With the summer holidays having officially taken off, one of the peak business times of many industries has started as well. One of these industries is not only the centre of attention for many travellers, but also of many regulators: the airline industry. So, time for a ´seasonal´ topic – recent airline merger cases and relevant lessons also for other industries.
While we have recently blogged about trends in German merger control (read about it here), mergers in the airline industry are a very international topic, as – naturally – many geographic markets can be affected. In the recent past, airline deals have often only been cleared subject to remedies. Some prominent cases that have just undergone merger control or where the review is ongoing include Lufthansa´s acquisition of ITA, Korean Air´s acquisition of Asiana Airlines and IAG´s proposed acquisition of Air Europa.
In the front row seat: slot divestment
One remedy airline mergers often have in common is a slot divestment. This means that airlines offer some of their take-off and landing slots at different airports for sale to their competitors. The idea behind the remedy is that slots are the main barrier to entry into the market. Therefore, by offering to sell them to competitors, new market entries should be possible.
A prominent case with this kind of remedy stems already from 2004, when the European Commission cleared one of the most famous airline deals: the merger between Air France and KLM. Predictably, this merger was subject to commitments, meaning that the parties committed to inter alia surrender 47 pairs of slots (i.e., 94 single take-off and landing slots) per day. The Commission stated that this commitment could mean that competitors could pick up these slots and this would guarantee that passengers on these routes have a choice of services and competitive prices. This was also the first time the surrender of slots was for an unlimited duration and unused slots were to be returned to the slot coordinator rather than to the airline partners. The slot divestment was accompanied by measures forcing the airlines to refrain from actions that would hinder the new entrants from establishing themselves as competitors.

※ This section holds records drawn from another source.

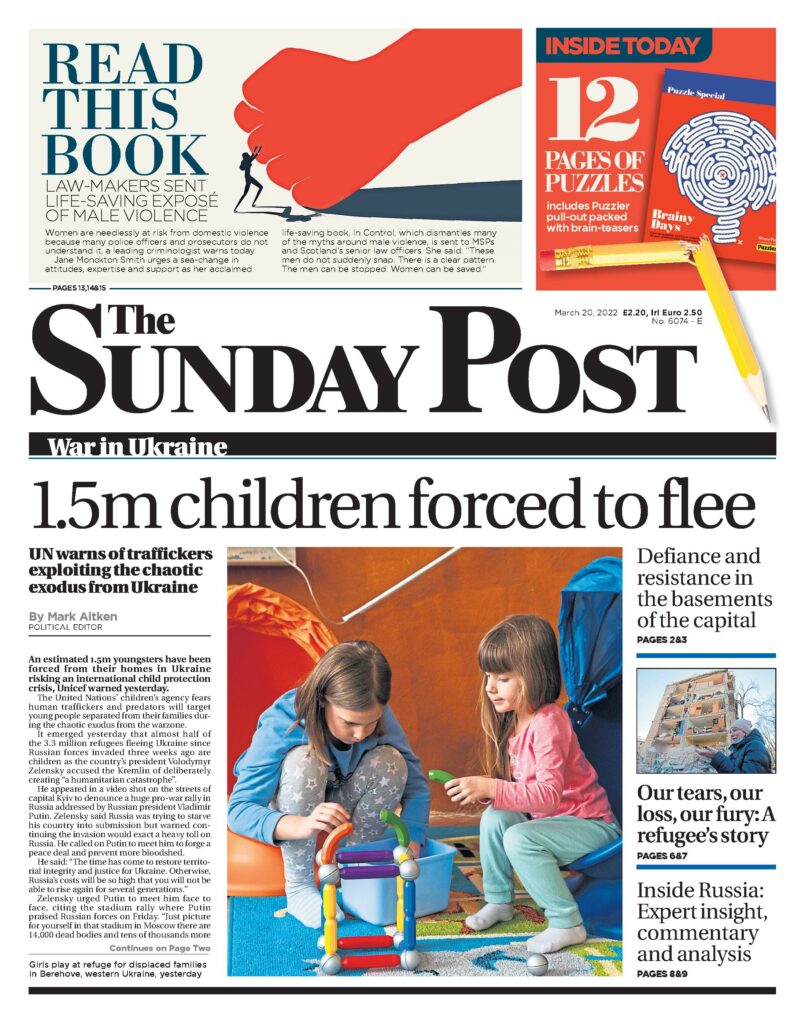 Partnership between The Sunday Post and Bloomsbury highlights male violence against women and girls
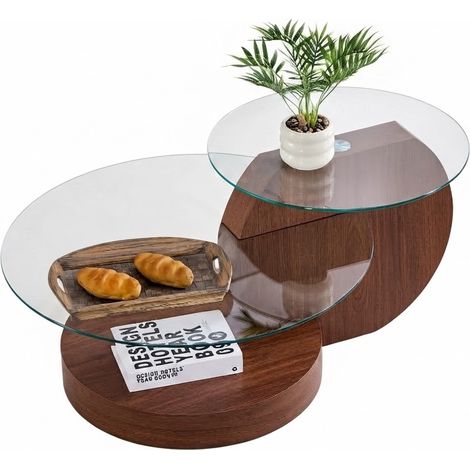 ELVMI Table Basse Gigogne à 2 Niveaux avec Plateau en Verre Trempé et Rangement Ouvert, en MDF, Noyer (1/5)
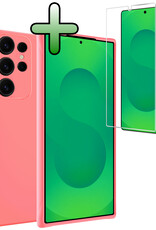 BASEY. BASEY. Samsung Galaxy S25 Ultra Hoesje Siliconen Met Screenprotector - Lichtroze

EC turned the auto pilot off
This way of handling cases went on for quite some time, but lately, the Commission seems to be driving for a change. Oliver Guersent, the director-general of the Commission, said in 2023 that the authority is shifting to a “more rigorous approach” to remedies in airline mergers, as an ex-post analysis had shown that concessions like divesting slots have failed to mitigate competitive harm.
The announcement of a new approach would certainly not (or no longer) surprise Air Canada and Air Transat, who announced in 2021 to the Commission that the parties decided to terminate the planned acquisition of Air Transat by Air Canada. Air Canada was cited to state that the parties offered an enhanced package of remedies beyond what has traditionally been accepted by the Commission in previous airline mergers. The Commission, however, said that based on the results of the market test, the remedies offered appeared insufficient.
2024 has already shown the Commission´s new way of handling airline mergers twice, with the conditionally cleared acquisitions of Asiana Airlines by Korean Airlines and of ITA by Lufthansa. Both cases went through a phase 2 investigation and were eventually cleared with substantive remedies.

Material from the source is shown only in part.